[Task material Boundary: Start]
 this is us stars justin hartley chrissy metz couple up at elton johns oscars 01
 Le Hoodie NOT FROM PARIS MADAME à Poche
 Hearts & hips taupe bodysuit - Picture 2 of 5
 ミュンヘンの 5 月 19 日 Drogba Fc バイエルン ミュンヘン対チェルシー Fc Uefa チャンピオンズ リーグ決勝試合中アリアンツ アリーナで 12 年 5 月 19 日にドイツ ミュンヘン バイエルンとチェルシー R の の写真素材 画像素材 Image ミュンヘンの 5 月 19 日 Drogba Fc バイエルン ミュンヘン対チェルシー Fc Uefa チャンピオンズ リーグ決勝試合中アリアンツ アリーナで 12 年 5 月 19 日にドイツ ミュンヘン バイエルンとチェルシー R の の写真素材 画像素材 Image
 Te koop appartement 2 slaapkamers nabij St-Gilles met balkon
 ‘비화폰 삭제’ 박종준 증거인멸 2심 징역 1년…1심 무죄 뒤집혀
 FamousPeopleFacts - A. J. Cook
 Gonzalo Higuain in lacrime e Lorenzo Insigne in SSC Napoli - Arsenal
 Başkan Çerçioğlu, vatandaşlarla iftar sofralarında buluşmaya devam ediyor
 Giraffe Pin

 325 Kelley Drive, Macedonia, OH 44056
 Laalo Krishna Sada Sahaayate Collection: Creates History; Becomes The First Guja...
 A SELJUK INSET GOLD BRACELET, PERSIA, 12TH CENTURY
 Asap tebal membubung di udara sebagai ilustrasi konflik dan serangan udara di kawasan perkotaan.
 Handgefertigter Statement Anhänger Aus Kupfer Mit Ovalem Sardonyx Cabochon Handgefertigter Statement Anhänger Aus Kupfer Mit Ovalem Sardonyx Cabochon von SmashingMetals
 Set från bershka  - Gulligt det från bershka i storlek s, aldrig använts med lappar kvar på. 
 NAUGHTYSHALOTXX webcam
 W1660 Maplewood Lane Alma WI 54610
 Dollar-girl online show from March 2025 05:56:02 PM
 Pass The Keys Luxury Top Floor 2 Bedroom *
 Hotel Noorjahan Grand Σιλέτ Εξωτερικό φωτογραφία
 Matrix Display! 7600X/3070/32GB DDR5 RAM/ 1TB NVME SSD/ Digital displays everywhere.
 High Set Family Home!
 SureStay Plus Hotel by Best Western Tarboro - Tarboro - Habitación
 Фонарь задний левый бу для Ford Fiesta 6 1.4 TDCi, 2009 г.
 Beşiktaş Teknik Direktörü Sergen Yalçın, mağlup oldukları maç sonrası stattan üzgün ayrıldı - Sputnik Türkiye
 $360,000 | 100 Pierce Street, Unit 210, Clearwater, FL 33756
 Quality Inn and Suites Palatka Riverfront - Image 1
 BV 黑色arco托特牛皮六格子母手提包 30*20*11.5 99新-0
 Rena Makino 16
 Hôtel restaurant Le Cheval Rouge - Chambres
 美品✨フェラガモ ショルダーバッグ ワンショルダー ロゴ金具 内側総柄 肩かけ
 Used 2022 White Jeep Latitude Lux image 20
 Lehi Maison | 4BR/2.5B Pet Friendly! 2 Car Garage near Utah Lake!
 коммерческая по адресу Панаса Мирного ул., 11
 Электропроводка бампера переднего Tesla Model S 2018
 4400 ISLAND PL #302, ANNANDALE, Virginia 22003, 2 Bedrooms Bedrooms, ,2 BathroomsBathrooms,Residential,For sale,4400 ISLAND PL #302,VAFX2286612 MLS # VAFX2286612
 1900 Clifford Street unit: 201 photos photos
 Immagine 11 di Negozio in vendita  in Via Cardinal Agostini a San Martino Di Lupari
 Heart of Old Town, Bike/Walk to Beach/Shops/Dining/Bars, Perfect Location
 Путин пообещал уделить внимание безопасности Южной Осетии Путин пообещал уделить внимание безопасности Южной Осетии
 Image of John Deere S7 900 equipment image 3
[Task material Boundary: End]
**Directions:** Give back, unchanged, the line that holds "SureStay Plus Hotel" along with all lines after it through the last line above.

**Answer below:**
 SureStay Plus Hotel by Best Western Tarboro - Tarboro - Habitación
 Фонарь задний левый бу для Ford Fiesta 6 1.4 TDCi, 2009 г.
 Beşiktaş Teknik Direktörü Sergen Yalçın, mağlup oldukları maç sonrası stattan üzgün ayrıldı - Sputnik Türkiye
 $360,000 | 100 Pierce Street, Unit 210, Clearwater, FL 33756
 Quality Inn and Suites Palatka Riverfront - Image 1
 BV 黑色arco托特牛皮六格子母手提包 30*20*11.5 99新-0
 Rena Makino 16
 Hôtel restaurant Le Cheval Rouge - Chambres
 美品✨フェラガモ ショルダーバッグ ワンショルダー ロゴ金具 内側総柄 肩かけ
 Used 2022 White Jeep Latitude Lux image 20
 Lehi Maison | 4BR/2.5B Pet Friendly! 2 Car Garage near Utah Lake!
 коммерческая по адресу Панаса Мирного ул., 11
 Электропроводка бампера переднего Tesla Model S 2018
 4400 ISLAND PL #302, ANNANDALE, Virginia 22003, 2 Bedrooms Bedrooms, ,2 BathroomsBathrooms,Residential,For sale,4400 ISLAND PL #302,VAFX2286612 MLS # VAFX2286612
 1900 Clifford Street unit: 201 photos photos
 Immagine 11 di Negozio in vendita  in Via Cardinal Agostini a San Martino Di Lupari
 Heart of Old Town, Bike/Walk to Beach/Shops/Dining/Bars, Perfect Location
 Путин пообещал уделить внимание безопасности Южной Осетии Путин пообещал уделить внимание безопасности Южной Осетии
 Image of John Deere S7 900 equipment image 3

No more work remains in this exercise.